Once the line with "Klappbarer Heimtrainer |" is found in the entries below, print it and each following line exactly, stopping after the line with "results and discussion是什么意思"; print nothing else.
*** Available data Section Begins ***
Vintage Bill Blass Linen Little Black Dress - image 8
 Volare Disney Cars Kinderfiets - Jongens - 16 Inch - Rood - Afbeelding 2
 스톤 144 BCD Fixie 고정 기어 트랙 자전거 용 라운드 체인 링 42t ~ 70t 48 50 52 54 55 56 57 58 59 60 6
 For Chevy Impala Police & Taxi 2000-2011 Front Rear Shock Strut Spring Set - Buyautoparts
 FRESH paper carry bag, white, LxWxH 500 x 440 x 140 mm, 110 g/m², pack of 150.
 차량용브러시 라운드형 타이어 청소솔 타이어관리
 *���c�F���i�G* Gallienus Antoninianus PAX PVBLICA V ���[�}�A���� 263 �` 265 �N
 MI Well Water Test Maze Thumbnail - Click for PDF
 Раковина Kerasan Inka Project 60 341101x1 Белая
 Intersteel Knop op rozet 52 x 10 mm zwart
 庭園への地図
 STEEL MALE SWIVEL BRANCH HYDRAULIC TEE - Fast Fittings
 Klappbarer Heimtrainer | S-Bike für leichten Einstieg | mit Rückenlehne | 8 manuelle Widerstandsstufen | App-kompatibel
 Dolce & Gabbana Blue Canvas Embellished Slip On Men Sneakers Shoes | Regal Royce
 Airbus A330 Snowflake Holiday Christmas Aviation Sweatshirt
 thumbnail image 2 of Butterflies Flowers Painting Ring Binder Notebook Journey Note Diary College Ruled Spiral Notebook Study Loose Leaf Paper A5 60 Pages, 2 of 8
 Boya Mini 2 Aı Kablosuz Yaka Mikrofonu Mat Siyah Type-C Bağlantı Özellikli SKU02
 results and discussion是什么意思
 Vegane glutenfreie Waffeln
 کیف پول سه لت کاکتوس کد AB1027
*** Available data Section Ends ***
## Solution to this task:
 Klappbarer Heimtrainer | S-Bike für leichten Einstieg | mit Rückenlehne | 8 manuelle Widerstandsstufen | App-kompatibel
 Dolce & Gabbana Blue Canvas Embellished Slip On Men Sneakers Shoes | Regal Royce
 Airbus A330 Snowflake Holiday Christmas Aviation Sweatshirt
 thumbnail image 2 of Butterflies Flowers Painting Ring Binder Notebook Journey Note Diary College Ruled Spiral Notebook Study Loose Leaf Paper A5 60 Pages, 2 of 8
 Boya Mini 2 Aı Kablosuz Yaka Mikrofonu Mat Siyah Type-C Bağlantı Özellikli SKU02
 results and discussion是什么意思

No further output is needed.